Women who assume the presidency of a country are expected to establish measures in favor of equality in greater proportion than is required of presidents as if the latter did not have the same commitment to the citizenry and were not as obliged as the former to establish mechanisms for the advancement of women.
It should be noted that, while it is true that a woman in this position is a reference for others, her arrival does not necessarily imply that measures in favor of equality will be established or that a pro-women agenda will be implemented. During the Mexican presidential campaign, different voices from the women’s and feminist movements expressed that only the presence of a woman in the presidency would not ensure the implementation of the feminist agenda.
There are experiences of women who have led the executives of their countries and whose presence has not implied substantive changes in favor of their peers. In most cases, they are conservatives and members of right-wing, center-right, or Christian Democrat parties. An example of this is Margaret Thatcher, a member of the Conservative Party in the United Kingdom, who on several occasions entered into disputes and depreciated the British feminist movements. In our region, this is the case of Laura Chinchilla, the only female president of Costa Rica, in office between 2010-2014 for the National Liberation Party. Her disputes with women’s and feminist movements began during her presidential campaign, and numerous organizations even issued a statement in which they pointed out that the candidate did not represent them as women. During her term in office, the questioning intensified.
In this way, it must be recognized that the arrival of a woman to the presidency is good news, but it is not enough.
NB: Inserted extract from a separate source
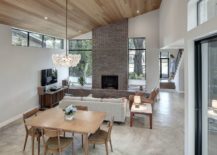 Open-plan-living-area-with-lovely-fireplace-and-gable-roof-217x155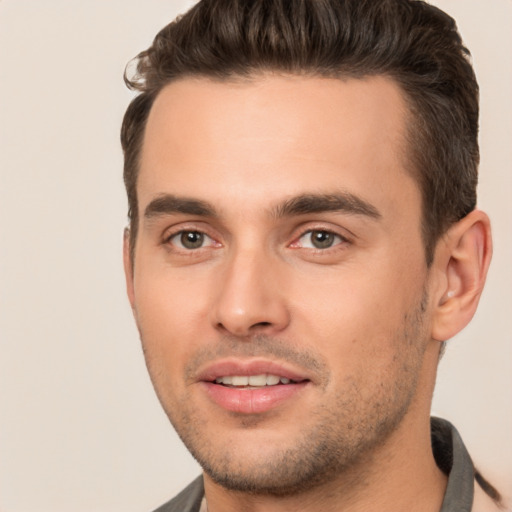 Joyful white young-adult male with short  brown hair and brown eyes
Who is Claudia Sheinbaum Pardo?
Claudia Sheinbaum Pardo has high-level academic credentials and extensive expertise in environmental issues. She holds a bachelor’s degree in Physics, a master’s degree, and a doctorate in Electrical Engineering from the National Autonomous University of Mexico (UNAM). She is a researcher at the Institute of Engineering of the same institution (currently on leave from public office); a member of the National System of Researchers (SNI); with dozens of scientific publications on energy, environment, and economic development, and an h-index 23 in Scopus. In addition, she has been a consultant to the United Nations for Energy and Sustainable Development and a member of the Intergovernmental Panel on Climate Change, which received the Nobel Peace Prize in 2007 for its efforts to raise awareness of the effects of climate change. This constitutes, according to Pierre Bourdieu’s theory, part of her cultural capital.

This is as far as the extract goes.